I remember seeing a graphic that was about every layer of companies that are interacted with when you use a credit card. Must have been at least like 6 layers of companies each taking a fee from a company that took fees higher up the chain closer to the consumer. Similar when I read an explanation of, when you buy a stock through a company like Fidelity where is the stock actually held and that was layers of public/private companies/corporations
The Depository Trust Company
I learned that. It was the whole chain to get to that point and how that organization even came to be and how they came to be and how it’s regulated that was a bit disgusting with how make shift it seemed to me. The whole stack all came off as a multi decade saga of stapling org on top of org until we came to the present of things mostly work but it’s a bit fragile with a mix of public and private regulators trying to hold things together and make old paper systems work with modern technology
True. Collective shout targeted visa, mc, paypal and paysafe. I guess it’s possible the game storefronts acted due to concerns of one of them.
In online stores Visa and MC are the big ones. If we exclude China, Visa and MC make up 90% of all online purchases worldwide. For online stores they are the two players who matter. Losing one is a significant loss of revenue, losing both will kill the store.
All of those devices are child companies of either Banks or Credit Card companies. Or, like Square, owe their continued existence to banking and wall st firms dumping cash on them.
The one outlier I know about is Canada’s Interac system, which was started by Canadian banks, but now is its own thing
That’s not quite true.
There are several layers between point of sale and the card brands and each layer is generally an independent company. Each of those companies makes or sells hardware and/or software that is used by the companies lower in the chain.
Square takes up several of these layers at once and charges much higher fees than other processors. The high fees and massive market coverage is why they exist, not because they’re chewing through VC funds still.
According to wikipedia, where it listed the many rounds of VC and bank finding they have, they haven’t yet made a profit
Square is owned by Block Inc who is a publicly traded company. They made $190m net profit in Q1 2025
And they lost 541 million in 2023.
And they were profitable in 2020 and 2021, what’s your point?
Companies lose money sometimes
Block Inc, with the outlier of last year, is a company that takes a not insigificant cut of transactions.
Until the end of 2024, they were not profitable to the tune of -605 million dollars. Thats my point.
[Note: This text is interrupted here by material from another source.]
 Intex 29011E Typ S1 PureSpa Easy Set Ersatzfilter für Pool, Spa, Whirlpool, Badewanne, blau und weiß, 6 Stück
From what I understand it wasn’t actually mastercard and visa?
Itch statements made it very clear the issue was PayPal and Stripe.
Steam even disabled PayPal payments for a while, a couple days before the purge. While direct card payments with Visa/Mastercard still worked fine.
Valve also clarified today that it was the processors, not the card management companies, that they talked to. The processors were pointing at MasterCard’s rules, but refusing to provide Valve with someone at MasterCard to talk to.
So it’s Valve’s fault for just going with it, seems to me.
Still requires them to find a solution, putting it on patreon won’t work forever. I think most game stores should find a way to adopt cryptocurrency.
Well, everyone discussing this seems to have been confused about it. Is it fucking PayPal and Stripe or fucking Mastercard and Visa?
We’ll probably never get the whole story. Itch’s update from yesterday points the finger at stripe, others could still be involved.
It almost certainly wasnt the card brands forcing the issue. They outsource that stuff to payment processors and other middle men because it’s cheaper and gives them some legal shielding if someone buys something illegal with their cards
There are other stakeholders, like regulators and shareholders.
Do other payment processors exist? Why is this hard for you?